Yes, I assume a tarrasque can float. Well, swim, anyway. However the "bars" will prevent him reaching the top of the pit or anywhere near the surface of the water. The same bars, being made of walls of force and thus not breakable by the tarrasque, will prevent it from just digging its claws into the (presumeably clawable) walls and climbing out, because its too large to fit between the gaps in the bars.

The bars- Take some walls of force, all cast vertically as normal. Now look at them from underneath. The bottoms of all those walls of force are effectively bars. A wall of force is no more passable from the top/bottom/sides than it is from the front/back. Indeed, unless a wall of force is deemed to have noticeable thickness, then its effectively a razorblade if you hit it from the edges. I know of at least 1 dragon that became 2 dragons the hard way after meeting the edge of a wall of force head on unexpectedly... Anyways, all you have to do is cast those vertical walls of force such that the bottoms of them form a grid that is too small for the tarrasque to fit through, and have it set far enough down the hole that the critter cant reach air. I suggest that 4 walls set in a rectangle about 10 feet smaller than the inside of the pit, with 2 more across the inside of that rectangle will suffice to trap the bulky tarrasque below them. None of the walls actually touch any of the others, there is a space of a foot or two between each one. When it comes time to refresh the walls you just cast the next one a few inches away from the current ones and a few inches higher. If the tarrasque is scrabbling around one side of one of the walls (and it probably is, trying to get out) then just cast the new wall a few inches on the opposite side instead. A wall cannot be cast touching any other object or creature, but to the best of my knowledge you CAN cast them in water.

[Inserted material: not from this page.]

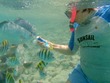 Kathy feeds fish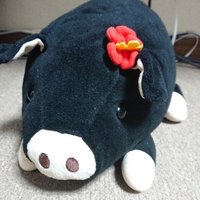 mummy@mummyがあらわれた！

Biting/tailing- Ok, there are a couple of muzzle designs that would possibly permit sort of biting at a flat surface (although there is NO real creature on earth which has such a shaped muzzle), so it might or might not possibly be able to add its bite into the equation as well, depending on the exact shape of its face. If it doesnt have the right shape to its face and jaws its out of luck trying to bite something thats too big to fit in its jaws. For its tail, its a tail slap. That means its behind the critter. Its hard to use a weapon thats behind you on something thats in front of you, and impossible if you dont have enough room to turn around. I'm assuming a pit thats small enough at the bottom to make it hard for it to turn around. Yes, theyre "cute house rules", but theyre well backed by easily observed reality and common sense, and merely because its "perfectly legal" does not excuse anyone from using their common sense. I you thank you to refrain from using further condesceding remarks. In any event, whether it takes it 70-odd rounds to hack through a wall with 4 attacks per round, or 45 rounds with all 6, its still longer than it has.

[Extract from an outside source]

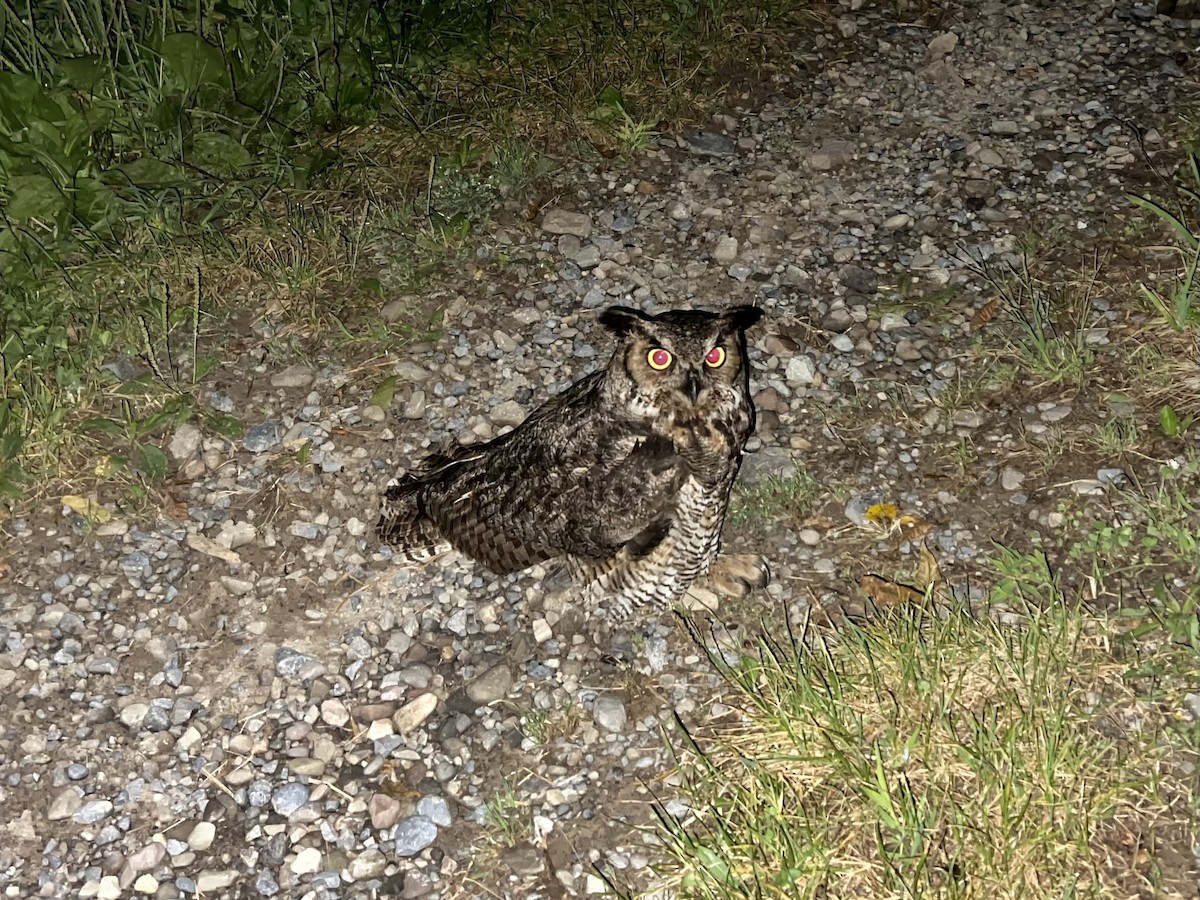 Great Horned Owl - ML608693486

Burrowing- burrowing lets you move through earth at 10' per round typically, although there are a few exceptions that are faster (ankheg, forinstance). The tarrasque does not have burrow at all, and therefore is not among their number. Therefore, while yes, it could conceivably dig through the earth given time, it is not suited for the task (hence no burrowing skill) and it would be very slow, just like digging graves is slow. Yes, we dig graves. It takes an hour or two to dig a hole our own height. The tarrasque has 7 minutes at most.

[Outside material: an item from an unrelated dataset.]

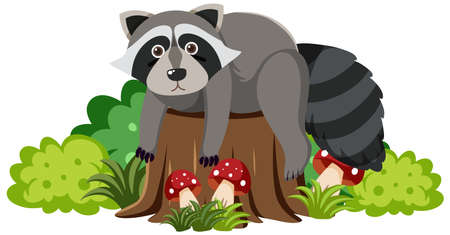 Cute raccoon in flat cartoon style illustrationのイラスト素材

Lining a pit- "existing stone"- Well, I'm not positive that it means it must be anchored to bedrock. Extending an already existing stone wall or building a new one off an existing stone structure would probably be perfectly acceptable for that restriction. So just extend the wall of stone off an existing, or specially built, stone structure nearby. If that is not deemed acceptable then dig your pit where you will reach the bedrock and anchor it off that. Since luring the tarrasque to a place of your chosing is a fundamental part of the plan it doesnt really matter where the pit is, specifically. And once you have your first wall anchored it is permissable to anchor succeeding walls off earlier ones and thus spread your construction over the area you need to cover, in this case the walls of your pit. Thickness- You can double the area of a wall by halving its thickness. Presumeably the reverse is true? And even if it isnt, just build several layers right up against each other till you have the desired thickness. three 4" thick walls right against each other = one 12" thick wall etc.

Another option is fun with mud to rock- walls of iron a foot out from the sides of your pit, fill the gap between the iron and the pit side with water, let stand till you have mud (or you can do this with the soften earth spell if you prefer) then cast mud to rock and voila, instant 10 foot thick stone lining. Yes, its soft stone so the tarrasque could probably hack through it twice as fast as regular stone, but its also twice as thick as my proposed 5 foot walls, so its still the same overall time, and way more than the wee beasty has. An layer of iron over the stone is just icing on the cake.

Walls of iron are created vertically. True. But they've been known to fall over to become horizontal. Theyre designed to do that, you know...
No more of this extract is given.